The following projects are proposed for Graduate (M.Sc, Ph.D) and Undergraduate students in the faculty. For more details or for registration, please contact the listed advisor by mail.
Standard machine-learning algorithms assume representations of their input data as numerical vectors. Applying these algorithms to the analysis of non-numerical data requires embeddings of data units into a (typically) finite-dimensional Euclidean vector space. The embedding needs to be “faithful” to the semantics. In particular, similar entities should be mapped to vectors that are close geometrically, and vice versa. In some modalities, the input comes with a useful embedding to begin with; for example, an image can be represented by the RGB intensities of its pixels. In others, semantic aware embeddings have to be devised, and indeed have been devised, such as Word2Vec and GLoVe for words of natural language, Node2Vec for the nodes of a graph, TransE for the entities of a knowledge graph, and Mol2Vec for molecule structures. Naturally, generic embeddings have also been devised for relational databases. Such embeddings have enabled the deployment of machine-learning architectures to traditional database tasks that have been the pain point of data management for decades, including quality enhancement (e.g., data imputation, data cleaning, column prediction) and data integration (e.g., entity resolution, record linking, schema matching).

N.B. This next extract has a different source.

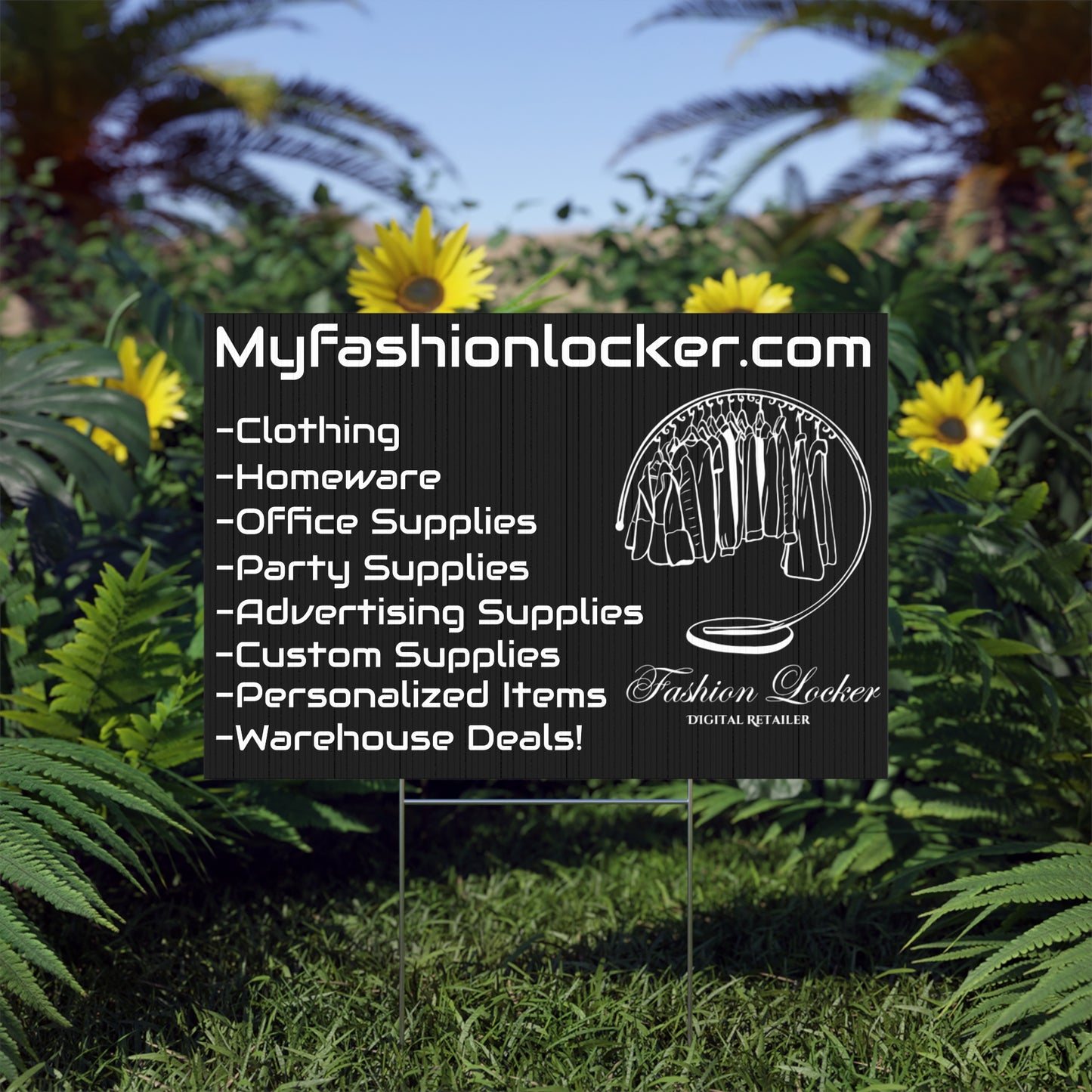 Personalized Lawn Sign - Fashion Locker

The goal of this project is to develop embedding techniques for databases, some based on novel ideas invented by the laboratory and its partners, and apply them to database tasks, targeting considerable outperformance of state-of-the-art solutions. Additional applications of embedding, to be potentially included in this project, involve aspects of fairness and general data ethics.
This project is done in collaboration with the group of Prof. Martin Grohe from RWTH Aachen University and is funded by the German-Israeli Project Cooperation (DIP) program of DFG.